## Work to complete
Output, word for word, the line that contains "Honda CB 125R" and all lines following it to the end of the listing. Drop the pictures.

## Exercise input
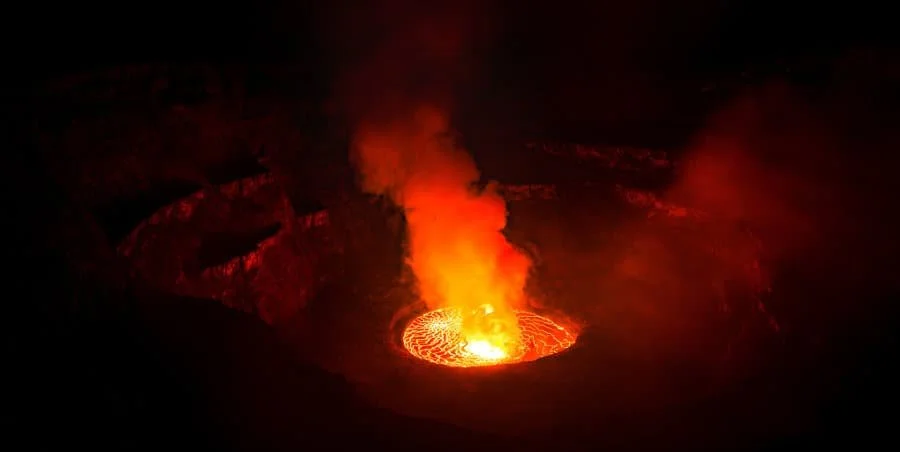 Mount-Nyiragongo-crater-Congo.jpg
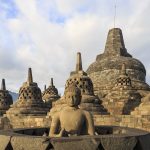 Stupa berterawang di teras atas Candi Borobudur, Magelang, Jawa Tengah.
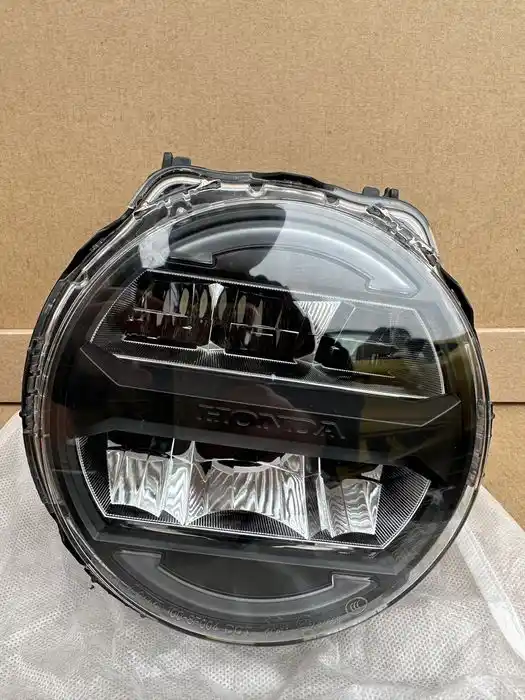 Honda CB 125R 300  Lampa Przód Przednia Led Relfektor OEM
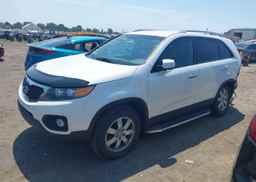 2013 KIA SORENTO LX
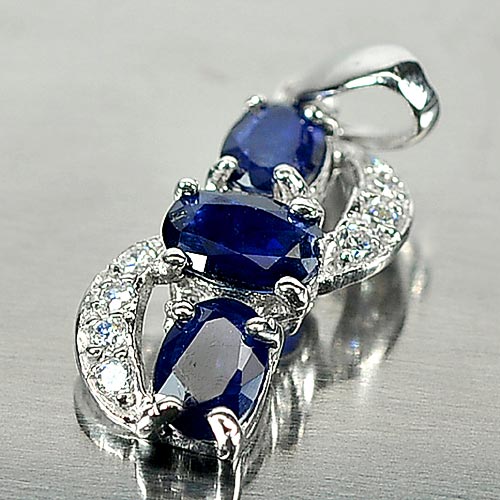 1.45 G. Alluring Natural Blue Sapphire 925 Silver Jewelry Pendent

## Result below
 Honda CB 125R 300  Lampa Przód Przednia Led Relfektor OEM
 2013 KIA SORENTO LX
 1.45 G. Alluring Natural Blue Sapphire 925 Silver Jewelry Pendent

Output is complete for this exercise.